▶ [DIRECTIONS FOR THIS TASK]: Repeat, please, exactly the lines from the one that has "Sunny desert garden" through the end of the records below, with pictures dropped.

MATERIAL SUPPLIED Block Start

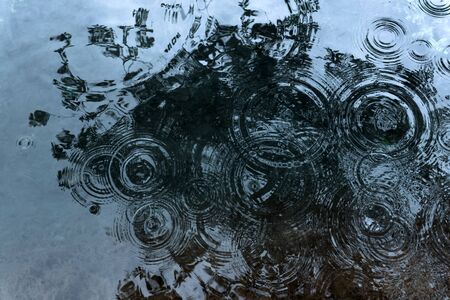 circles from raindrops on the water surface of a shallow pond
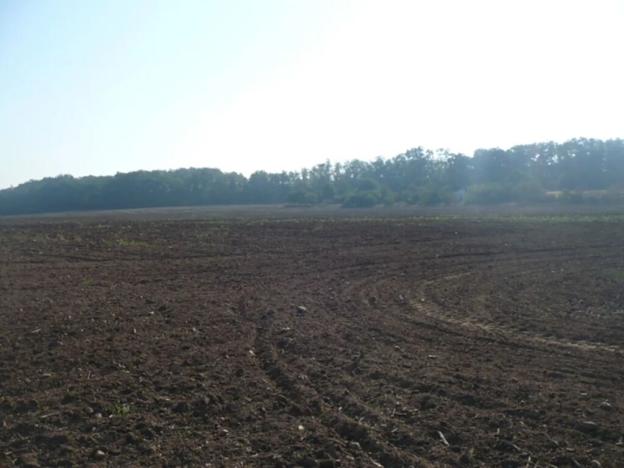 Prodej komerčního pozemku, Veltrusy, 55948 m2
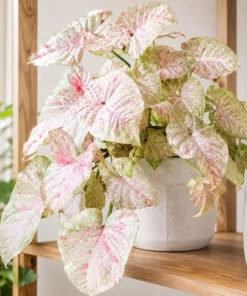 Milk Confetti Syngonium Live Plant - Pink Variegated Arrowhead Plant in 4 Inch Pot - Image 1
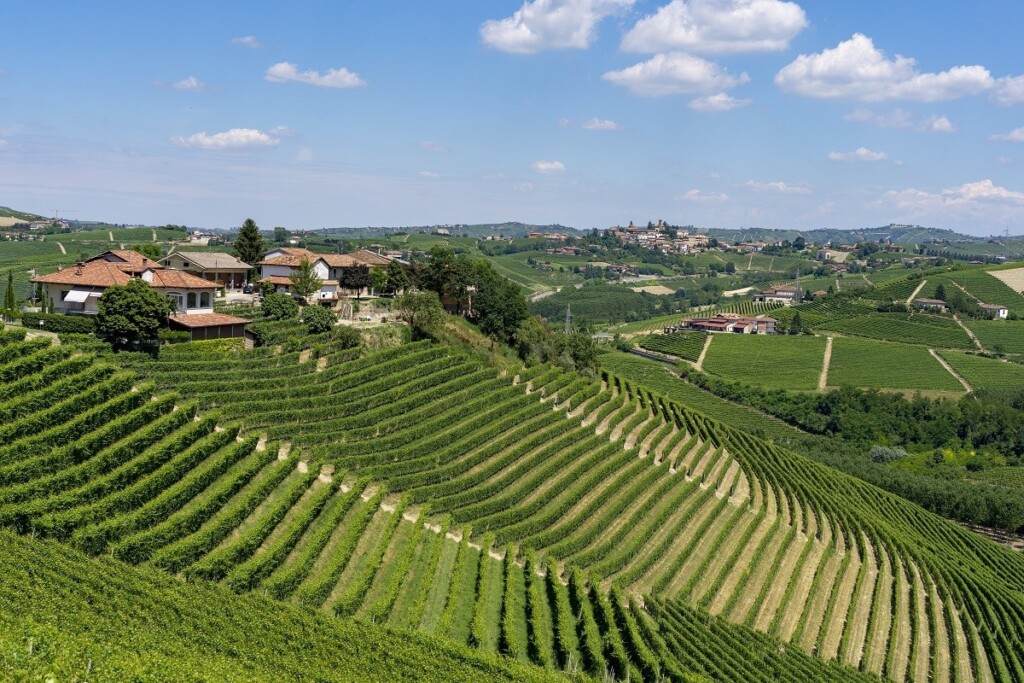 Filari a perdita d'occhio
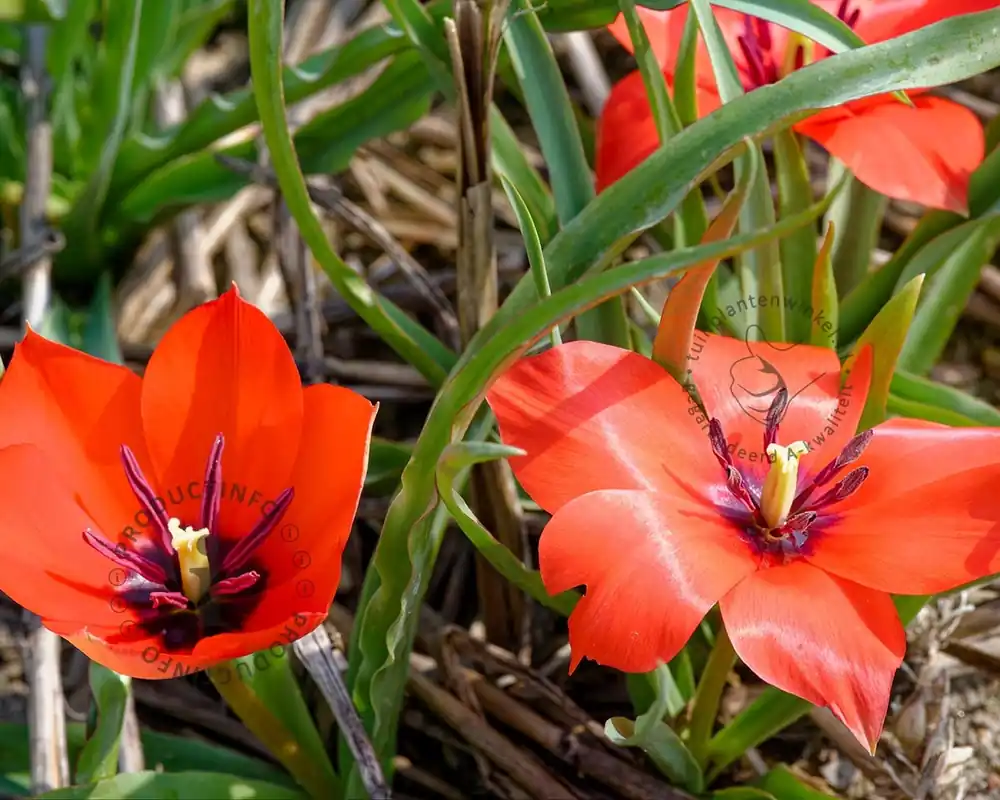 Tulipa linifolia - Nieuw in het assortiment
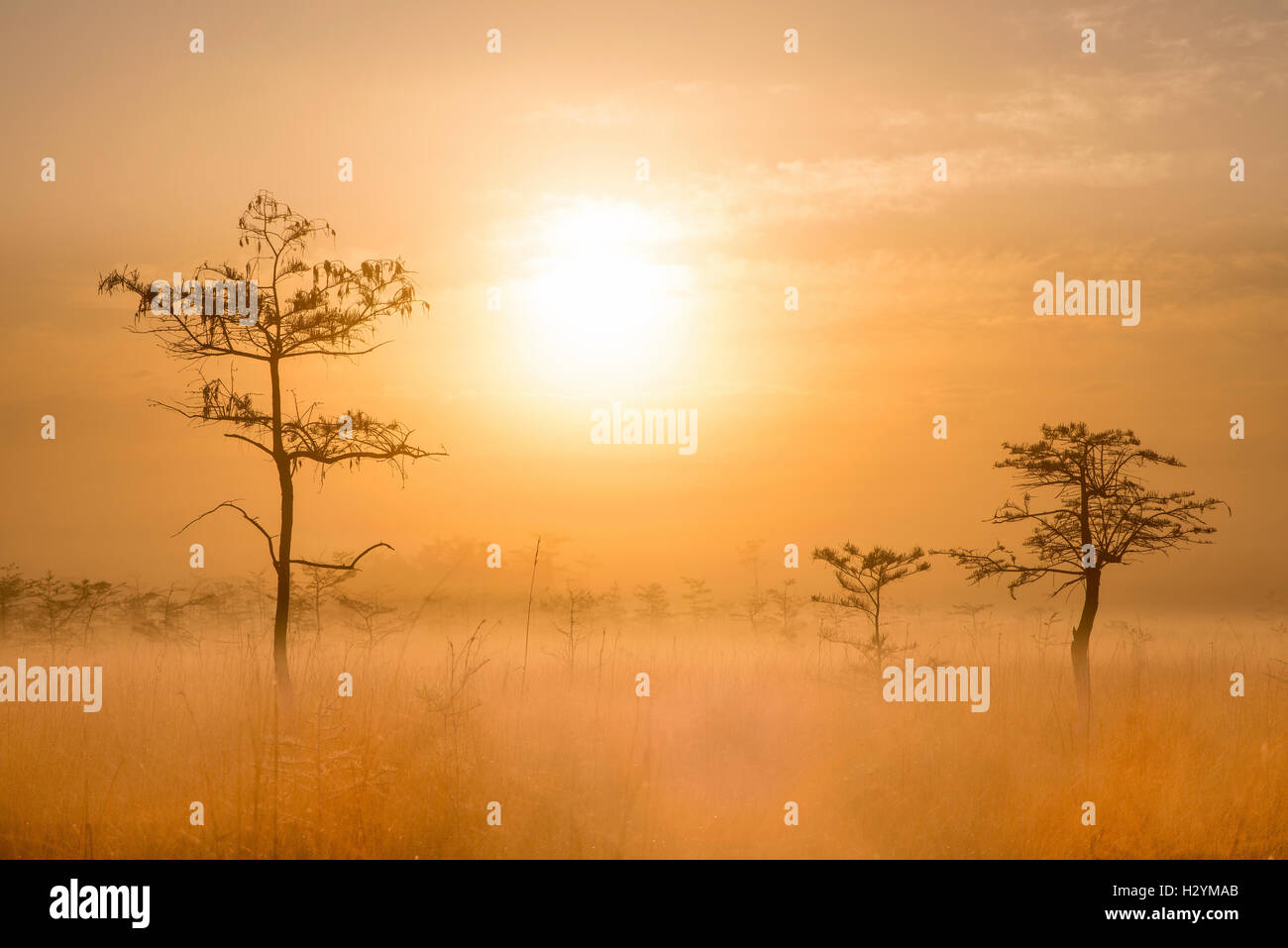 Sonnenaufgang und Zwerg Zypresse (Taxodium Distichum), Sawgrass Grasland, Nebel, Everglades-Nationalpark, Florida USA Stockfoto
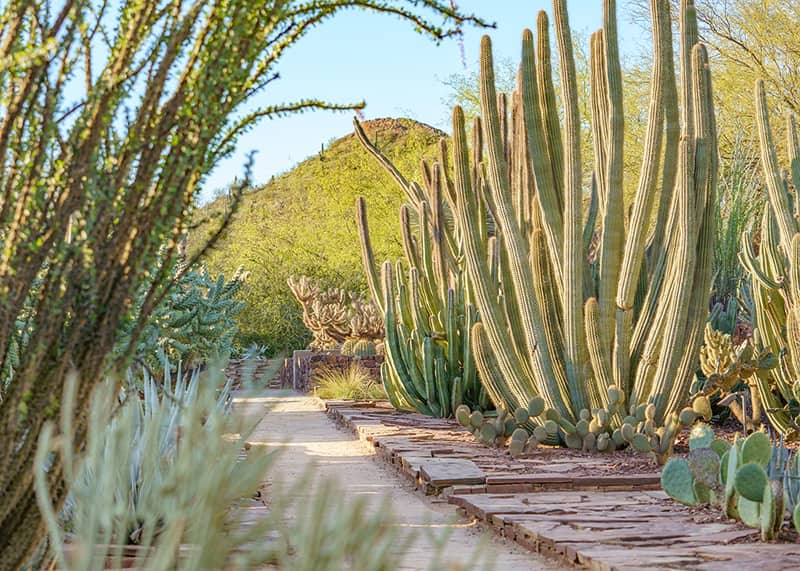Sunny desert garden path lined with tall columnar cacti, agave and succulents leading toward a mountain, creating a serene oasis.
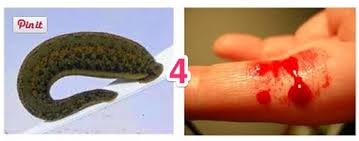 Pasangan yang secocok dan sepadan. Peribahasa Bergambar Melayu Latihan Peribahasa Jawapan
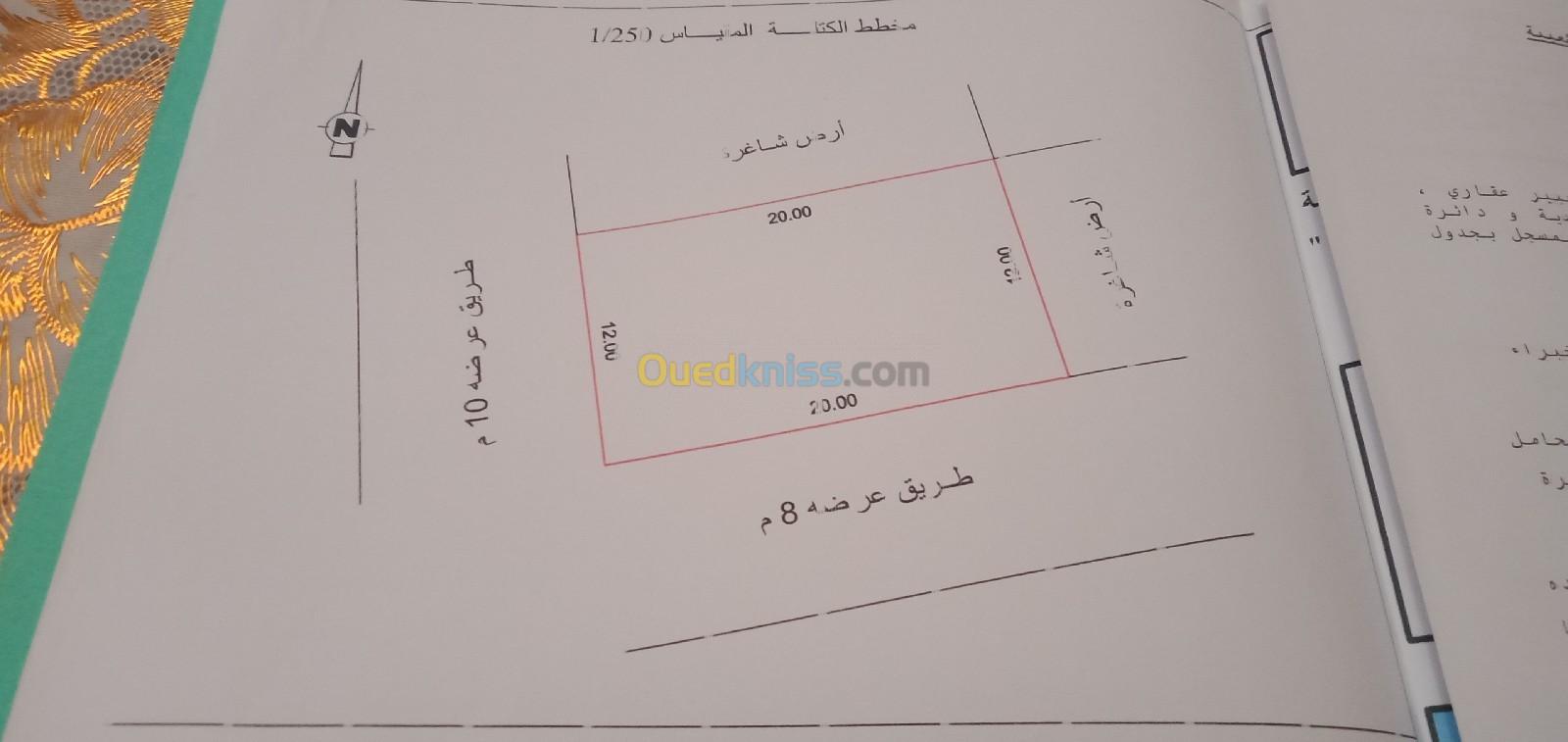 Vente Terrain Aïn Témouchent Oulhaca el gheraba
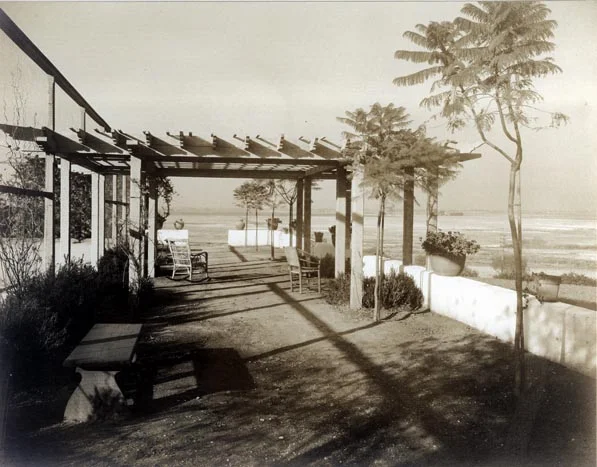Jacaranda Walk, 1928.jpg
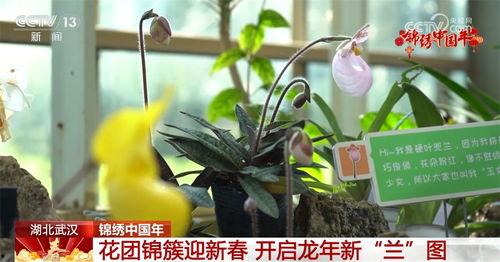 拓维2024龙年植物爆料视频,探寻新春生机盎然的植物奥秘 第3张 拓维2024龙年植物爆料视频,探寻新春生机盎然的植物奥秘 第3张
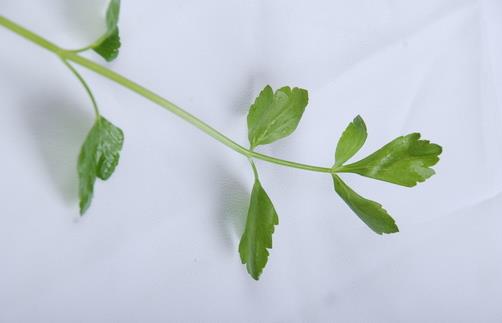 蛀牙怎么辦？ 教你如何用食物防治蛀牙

MATERIAL SUPPLIED Block End

▶ [EXERCISE RESPONSE]:
Sunny desert garden path lined with tall columnar cacti, agave and succulents leading toward a mountain, creating a serene oasis.
 Pasangan yang secocok dan sepadan. Peribahasa Bergambar Melayu Latihan Peribahasa Jawapan
 Vente Terrain Aïn Témouchent Oulhaca el gheraba
Jacaranda Walk, 1928.jpg
 拓维2024龙年植物爆料视频,探寻新春生机盎然的植物奥秘 第3张 拓维2024龙年植物爆料视频,探寻新春生机盎然的植物奥秘 第3张
 蛀牙怎么辦？ 教你如何用食物防治蛀牙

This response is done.